Some great logical answers here. Thank you for your input!
With regards to thermal paste, I always thought that there was no point to it. Copper is one of the best heat transferrers for its price and it has also been proven that rough surfaces are better than smooth for conducting heat. I suppose the argument is that if you have a paste there are less contact gaps between the surfaces as the paste is semi-liquid (more contact = more heat transference).
The best thermal pastes are copper-based, I would assume.
The thermal sensors though... It does beg the question - why put four thermal sensors in such close proximity to each other on a CPU/motherboard if there is quite a large tolerance allowed? Why not just have one? In case one fails perhaps? Never known this to be the case for a CPU!

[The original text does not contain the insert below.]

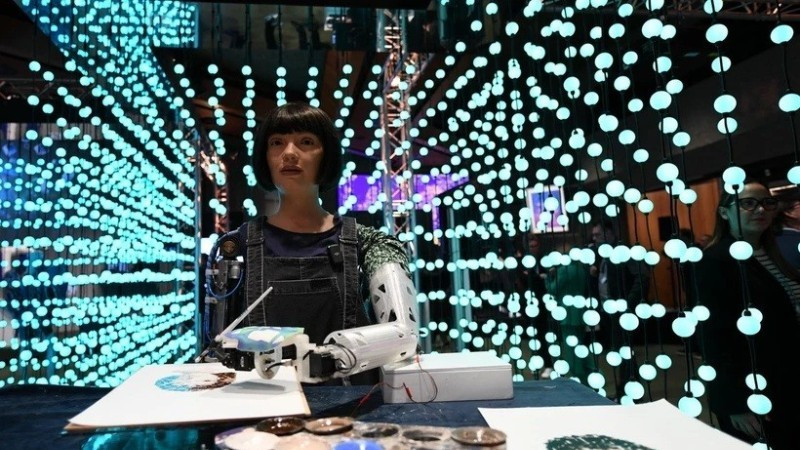 Artist robot Ai-Da paints at 2024 AI For Good Global Summit, Switzerland, May 30, 2024. (Photo: Xinhua/VNA)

I guess the only answer to heat dissipation is to use as large a heatsink as you can fit in your case and make sure you use the best conductive material you can get your hands on.
A lot of wrong assumptions.
Paste or pad is needed to fill up microscopic imperfections on the surfaces which don't allow full contact. If you look at best polished mirror like surface under microscope, you would see mountains and valleys which disallow full contact. Paste may be an insulator but it's lousy at the job and transfer more heat than air trapped in between would,
Copper is not best heat transfer material, it's Silver but more expensive although there were some pastes with it.
Paste is constituted from some kind of grease (now mostly special high temp silicone) but what really transfers heat is microscopic particles of metal or in latest pastes special ceramic particles which transfer heat even better than metal and can also be smaller which allows for more of them and also to fill up smaller pits.
Temperature sensors are many, more than can be seen, in modern CPUs even for every core. They are used internally in CPU microcode to regulate core's behavior according to it's temperatures. Chipset, VRM ,GPUs have own sensors for same reasons.